Se puede argumentar que le aventaja el hecho de haber sido presidente de
la República. También sobrepasa en simpatías a su propio partido. En este caso no se trata de
que los partidos tradicionales estén en crisis, como ha ocurrido en
Venezuela, Perú y Guatemala, entre otros, lo que explica el surgimiento
de liderazgos independientes, espontáneos y sin base en la estructura política
partidaria.
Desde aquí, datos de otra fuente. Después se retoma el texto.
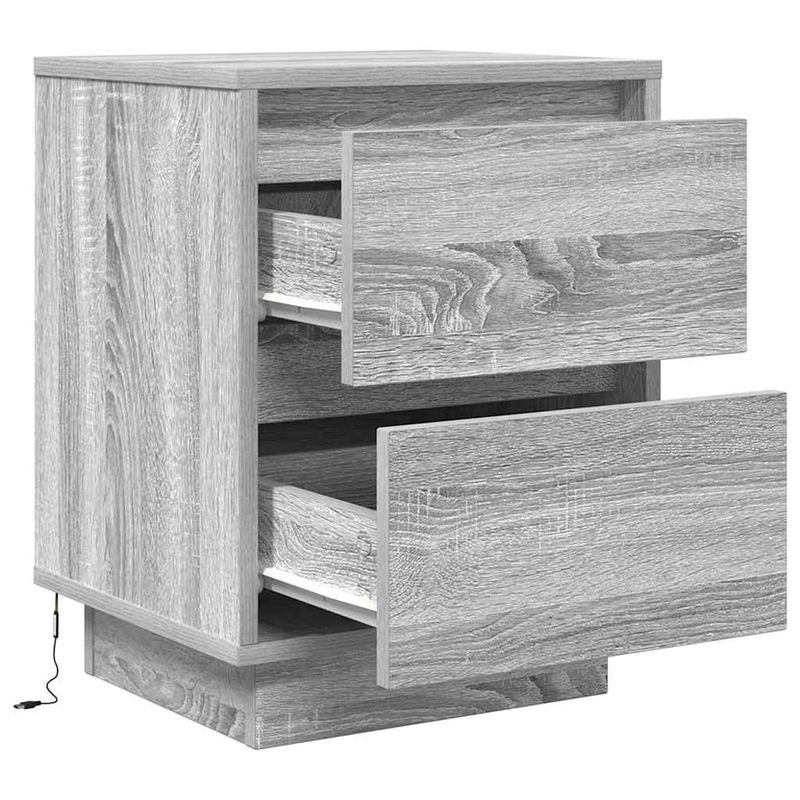 Casa si Gradina - Mobilier - Comode si corpuri - Noptiere - Noptiere cu lumini LED 2 buc Gri Sonoma 38x34x50 cm - Infinity.ro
Los partidos dominicanos tienen poca credibilidad según la
Encuesta de Cultura Política del 2001, porque están en la escala más
baja con un 6% entre las instituciones políticas, pero en el momento de
tomar la decisión de apoyar las candidaturas que se presentan, los
votantes dominicanos prefieren siempre las banderas conocidas como
tradicionales (PRD, PRSC y PLD) en un 57%. Con Leonel Fernández, además,
hay un encantamiento de la clase media por antagonismo a Hipólito Mejía.
Los sectores medios de la sociedad dominicana rechazan abiertamente las
formas en que actúa y se expresa Hipólito Mejía. Los sectores populares
no toman mucho en cuenta ese detalle, pero al momento de tomar decisiones
sienten más empatía por las formas de Mejía que por las educadas y
formales maneras de Leonel Fernández. Por eso no veo forma de
evitar en enfrentamiento electoral entre Hipólito Mejía y Leonel Fernández
para las elecciones del 2004. Ambos políticos desean ese enfrentamiento,
y Fernández se prepara desde ahora para resolver las disputas internas en
el PLD. Es seguro que será su candidato. Mejía tampoco se duerme y ya
tiene en sus manos el permiso constitucional para la reelección
presidencial. Le queda por solucionar el conflicto interno en el PRD, que
con la fuerza que tiene el PPH y el ejercicio mismo del poder será poco
significativa. Las encuestas que se han
publicado, caso Hamilton-Hoy, refleja abiertamente el pugilato político
Leonel-Mejía, y las que están pendientes de darse a conocer, como la
Penn & Schoen-El Caribe, podría confirmarlo nuevamente.